PESHAWAR: Since the launch of a nationwide crackdown on undocumented immigrants on Nov 1, 2023, over 0.4 million undocumented Afghan nationals have returned to their country through the Khyber Pakhtunkhwa province.

Officials told Dawn that in November last year, thousands of illegal aliens left the country daily from different border crossings between KP and Afghanistan.

They added that the pace slowed down afterward but the voluntary repatriation never stopped

They said that all returning Afghan immigrants were documented.

On Oct 3, 2023, the then caretaker interior minister, Sarfaraz Bugti, announced the Nov 1 deadline for the voluntary return of illegal immigrants from the country and warned that all law- enforcement agencies would deport them all afterward.

UNHCR urges Pakistan to continue ‘protecting those seeking safety’

“We have set the Nov 1 deadline for illegal immigrants to willingly return to their respective countries and if they don’t comply, our law-enforcement agencies will expel them,” Mr Bugti said in a media briefing after a meeting of the apex committee on the National Action Plan at the Prime Minister’s House.

Soon after that deadline’s expiry on Oct 31, 2023, a crackdown was launched on Nov 1, 2023, and 7,300 refugees, including over 100 prisoners, were deported on Nov 1, via Pak-Afghan border crossing Torkham in Khyber tribal district.

Official documents reveal that since the repatriation began, a total of 421,112 illegal immigrants had left for Afghanistan via KP.

They also show that 413,826 left for Afghanistan voluntarily and 7,286 were deported through KP.

According to the documents, 400 illegal refugees left the country on Saturday, taking the overall tally of the immigrants, who crossed Torkham, to 414,430.
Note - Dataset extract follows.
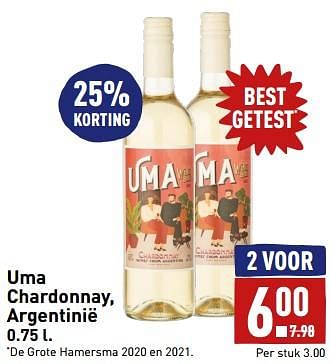 Aanbiedingen Uma chardonnay, argentinië - Witte wijnen - Geldig van 11/09/2023 tot 17/09/2023 bij Aldi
Authorities have so far repatriated 5,983 and 698 undocumented aliens to Afghanistan via Angoor Ada border crossing in South Waziristan tribal district and via Kharlachi border in North Waziristan tribal district respectively, and one to China via Sost border in Gilgit- Baltistan.
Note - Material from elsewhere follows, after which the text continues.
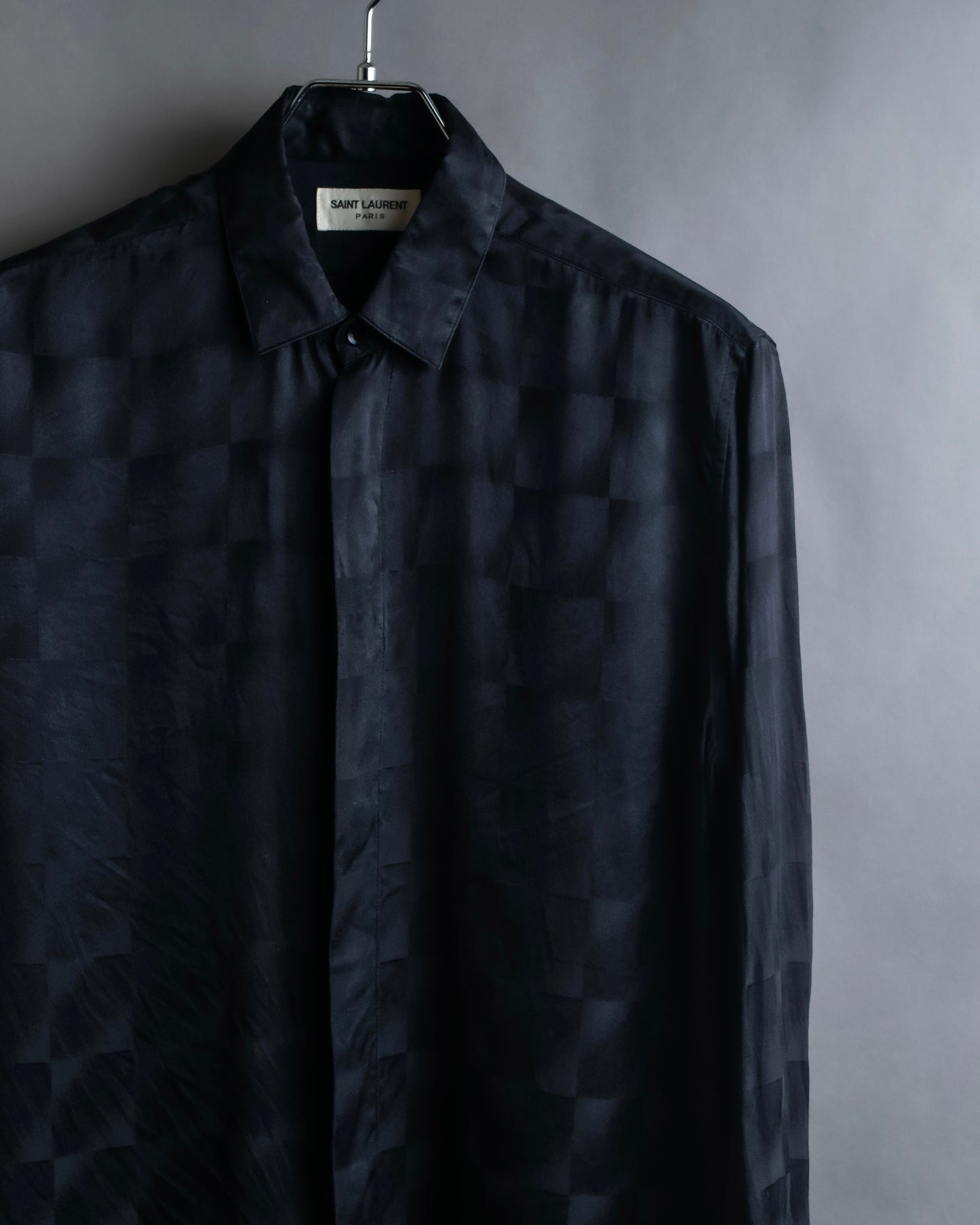 "Saint Laurent Paris" Geometric pattern fly front silk shirt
The documents also reveal that apart from illegal immigrants in KP, the provincial government received 1,440 illegal Afghan immigrants from other provinces, Azad Jammu and Kashmir, Gilgit-Baltistan, and Islamabad.

Of them, 1,163 came in from Punjab, 194 from Islamabad, 44 from Sindh, 38 from Azad Jammu and Kashmir and one from Gilgit-Baltistan.

Besides registered Afghan refugees, including 1.3 million with Proof of Registration cards and 0.8 million with Afghan Citizen Cards, and those illegally living in Pakistan, around 0.7 million Afghans have arrived in Pakistan since Jan 2021, according to government officials.

They added that of those 0.7 million Afghans, around 100,000 had already left for resettlement in a third country.

When contacted, spokesperson for UNHCR Pakistan Qaisar Khan Afridi said the Pakistani government and people had a commendable, decades-long history of hosting Afghans, who fled conflict and violence in the past.

“Although every country has its own laws for regulating borders, we [UNHCR] urge Pakistan to continue protecting those seeking safety, as it has done for many decades,” he said.

Mr Afridi said as Afghanistan faced human rights challenges, especially for women and girls, a forced return would have serious implications for all seeking asylum in Pakistan and could face serious issues on repatriation.